His father, Luigi Barzini the Elder , was a famous Italian journalist who tried to establish an Italian-language newspaper in New York City. It failed, partly because of the Depression, partly because of the 1924 immigration act , which cut off the influx of Italian readers, and partly because Italian immigrants of that era were largely illiterate in Italian.
As a result of the Depression , which made it hard to find work in America, Barzini Sr. and Jr. did something that seems almost incredible today: they went home.
Barzini Jr. moved back to Italy and did his military service in the Bersaglieri , but got out in time to not have to fight in the war on the side of the Axis. (He was slightly anti-Fascist. Mussolini kept him confined to a small village, where he couldn't do much harm.)
He was able to greet the American troops in English when they liberated Rome in 1945.
You can contrast this with today's immigration, where almost nobody goes home—because, whatever the economic downturn, the government will always support  you—where immigrant businessmen get government grants and loans,  and where the schools are now attempting to make foreigners literate in Spanish , so that they can read the Spanish language press. 
- The cook and maid that the Barzinis brought from Italy deserted them within a few weeks in America, the maid to marry a wealthy Italian-American widower, the cook seduced by the much better wages  offered by an American housewife.
- Their next cook was a Sicilian woman who was in hiding from her Sicilian husband, fearing what we now call an "honor killing."  She was provided for them by Michele "Mike" Fiaschetti , head of the NYPD's Italian Squad,  about which I've written before.  She had to leave, for some mysterious reason. Later, they heard she'd been killed.
- At one point, Barzini Jr. found a colony of Irpinians  living in shacks they'd constructed in a garbage dump, furnishing their shacks with discarded American furniture and raising vegetables in what seemed to them to be incredibly rich soil. Their main worry was this: where was the landlord? Were they going to be evicted, or what? He explained to them that they were technically illegal squatters, but that this was the American way, since it was how American had acquired Texas, Florida, et cetera. There are Mexicans who think this way today.
Barzini had saved the life of a young Mafiosi named Mike. He used this debt to get an interview with a Sicilian Mafioso living in Brooklyn, claiming that he wanted to explain to the American public about the culture of Sicily, and how it had evolved into the Mafia. The Mafioso, Don Turi, spoke to him:
"Mike says you want to defend the Sicilians' name  from defamation, explain to the American public what laws we obey, and how we help each other like brothers in this strange, difficult, and hostile country." [This was the explanation Barzini had given; actually he was contemplating an exposé.]

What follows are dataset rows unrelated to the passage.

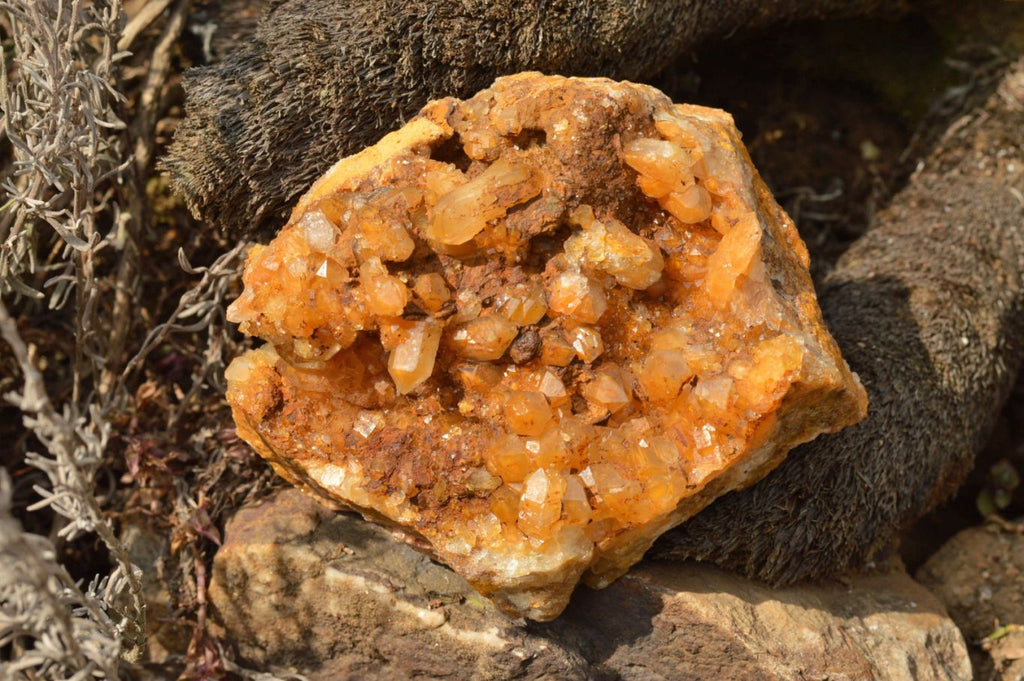 Natural Golden Limonite / Lemonite Quartz Clusters  x 3 From Mwinilunga, Zambia - TopRock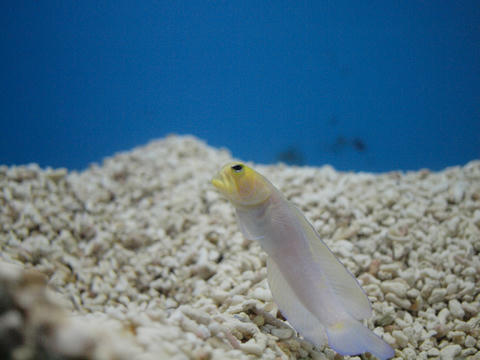 Yellow-head_jawfish.JPG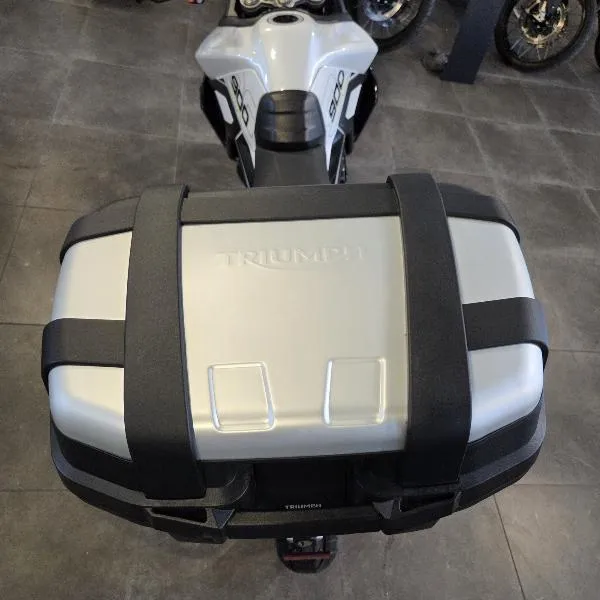 Tiger 900 GT Pro A2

"It is a noble wish, we commend you. But I'm afraid the moment is not opportune. We're at war. We Sicilians in American must think of ourselves like the Jews in Egypt before the Exodus. Everybody around us is our enemy and our oppressor. We have to be very prudent."
After a few more words in which the Don gently hinted that if Barzini were contemplating an exposé, it would be bad for his general health, Barzini left.
Not too long after he returned to Italy. He was to spend much of his later career crusading against the Mafia  in its native Italy, where it belongs.
Everyone knows that Italians and Sicilians have Americanized  to an intense degree, in part exactly because the 1920s cut-off strengthened the assimilative process, and are extremely patriotic. But now, the post-1965 immigration disaster has brought a huge number of different groups  to America.
Which of them thinks that they're "at war?"
Which of them thinks that all Americans are their "enemy and [their] oppressor?"
You tell me. And then ask yourself if America needs more of that.